____ THE RECORDS
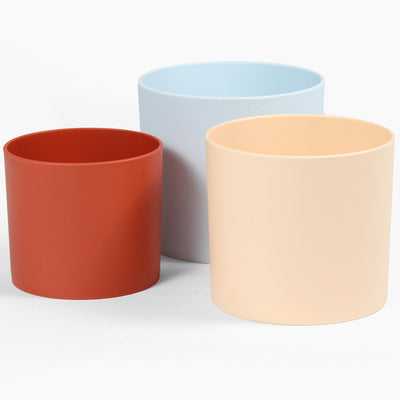 Three colorful plant pots in red, blue, and beige on a white background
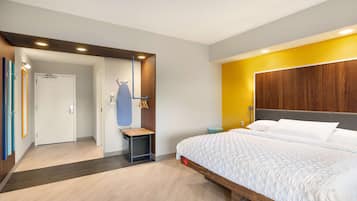 A modern hotel room with a large bed, a wooden headboard, a small side table, and a wardrobe.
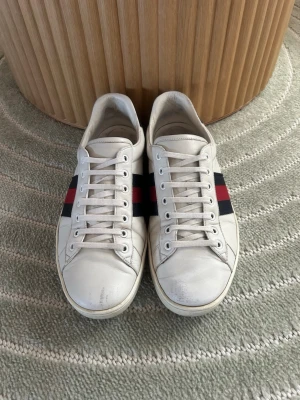 Gucci vita sneakers med röd/blå rand - Snygga vita sneakers från Gucci i läder med klassiska röd och marinblå ränder på sidorna. Lågt skaft och svart detalj vid hälen. Perfekta för dig som gillar stilrena och lyxiga skor med ikonisk design.
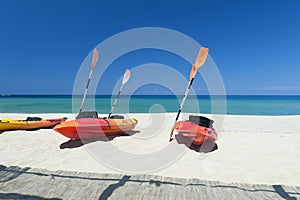 Canoes on beach by the Mediterranean Sea
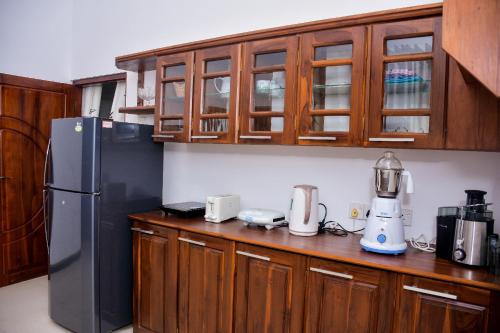 a kitchen with wooden cabinets and a black refrigerator at CASA VACANSA HOME STAY in Hungama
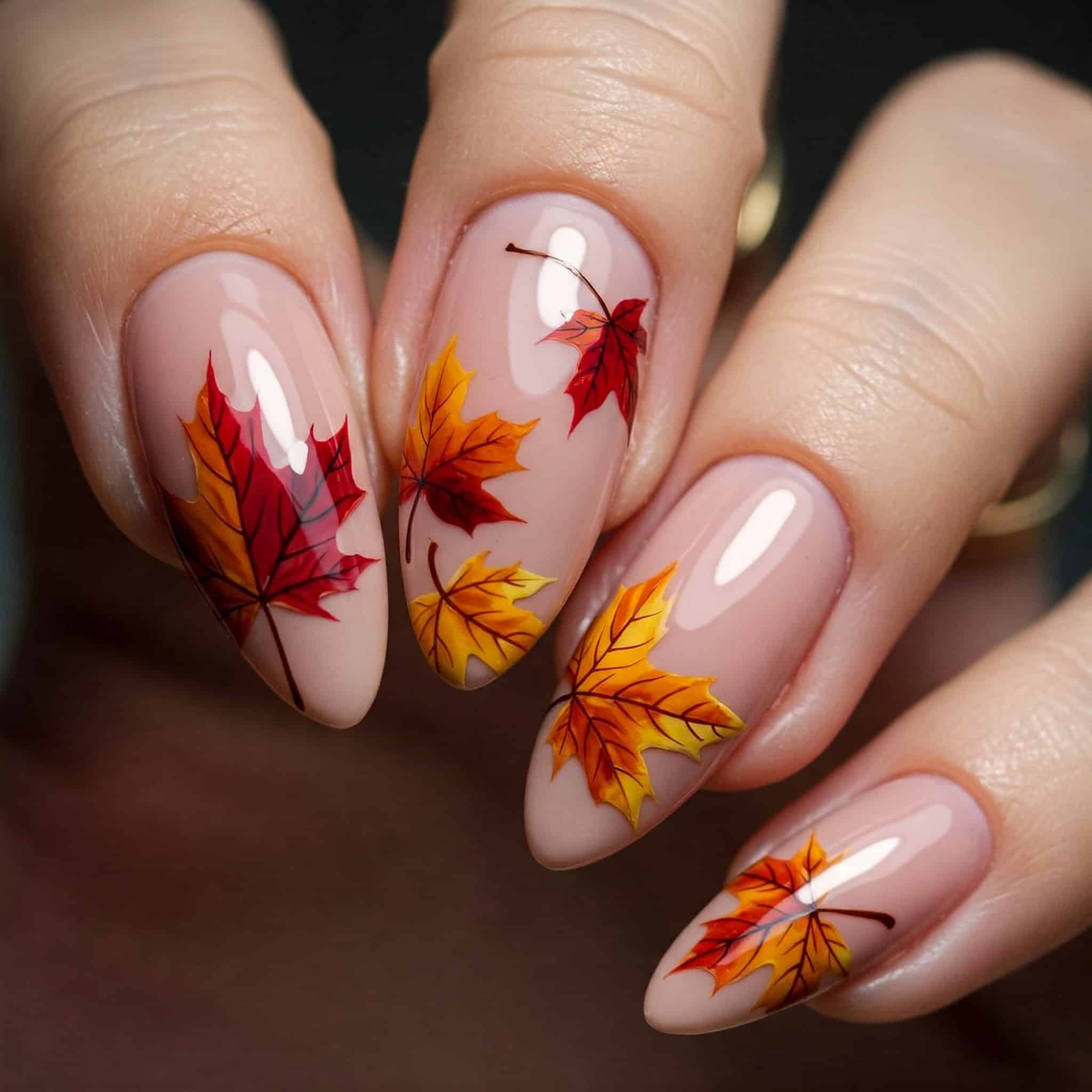 Close-up of a hand with almond-shaped nails painted in nude polish, adorned with vibrant autumn leaf designs in red, orange, and yellow tones.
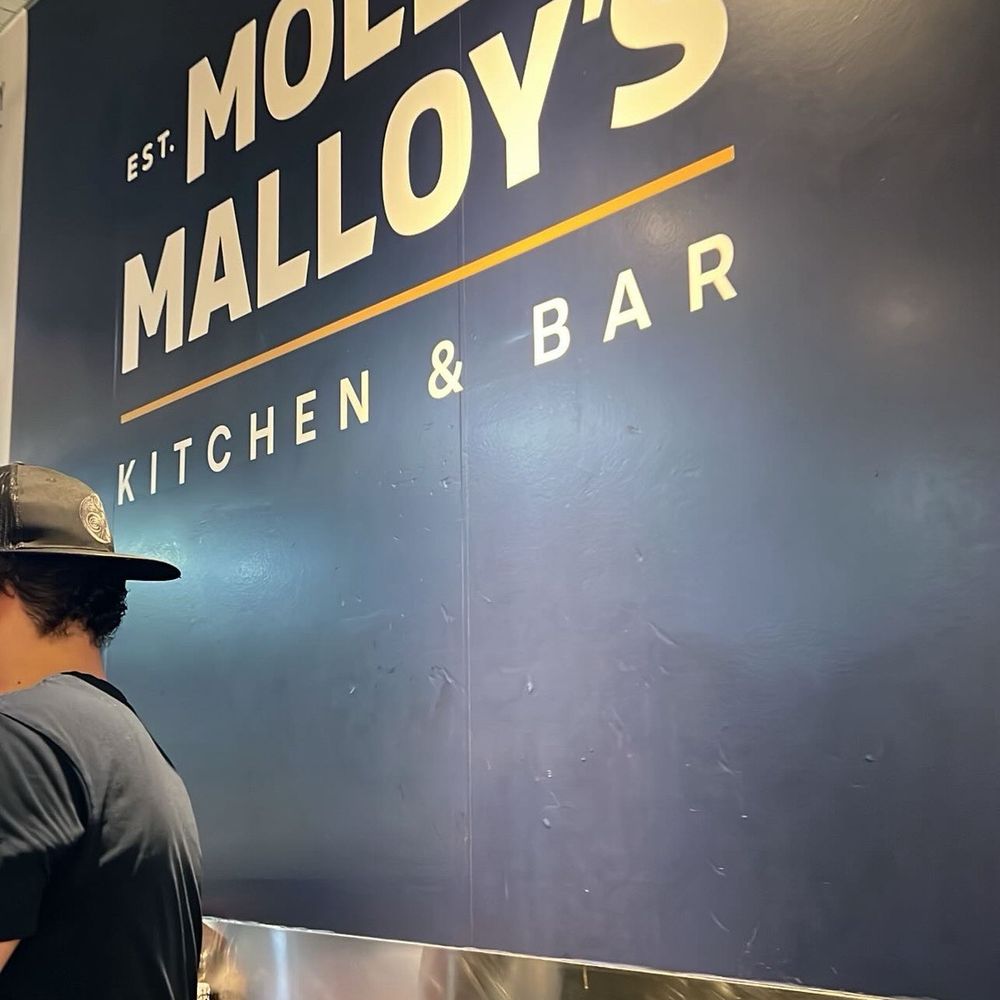 Molly Malloy's - Sign in front of the restaurant - Gastropubs Near Me - Philadelphia, Pennsylvania Molly Malloy's - Sign in front of the restaurant - Gastropubs Near Me - Philadelphia, Pennsylvania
________
Transcribe exactly, and without any pictures, each line from the one that holds "Gucci vita sneakers" through the final line of the material above.

RESPONSE TO THE TASK:
 Gucci vita sneakers med röd/blå rand - Snygga vita sneakers från Gucci i läder med klassiska röd och marinblå ränder på sidorna. Lågt skaft och svart detalj vid hälen. Perfekta för dig som gillar stilrena och lyxiga skor med ikonisk design.
 Canoes on beach by the Mediterranean Sea
 a kitchen with wooden cabinets and a black refrigerator at CASA VACANSA HOME STAY in Hungama
 Close-up of a hand with almond-shaped nails painted in nude polish, adorned with vibrant autumn leaf designs in red, orange, and yellow tones.
 Molly Malloy's - Sign in front of the restaurant - Gastropubs Near Me - Philadelphia, Pennsylvania Molly Malloy's - Sign in front of the restaurant - Gastropubs Near Me - Philadelphia, Pennsylvania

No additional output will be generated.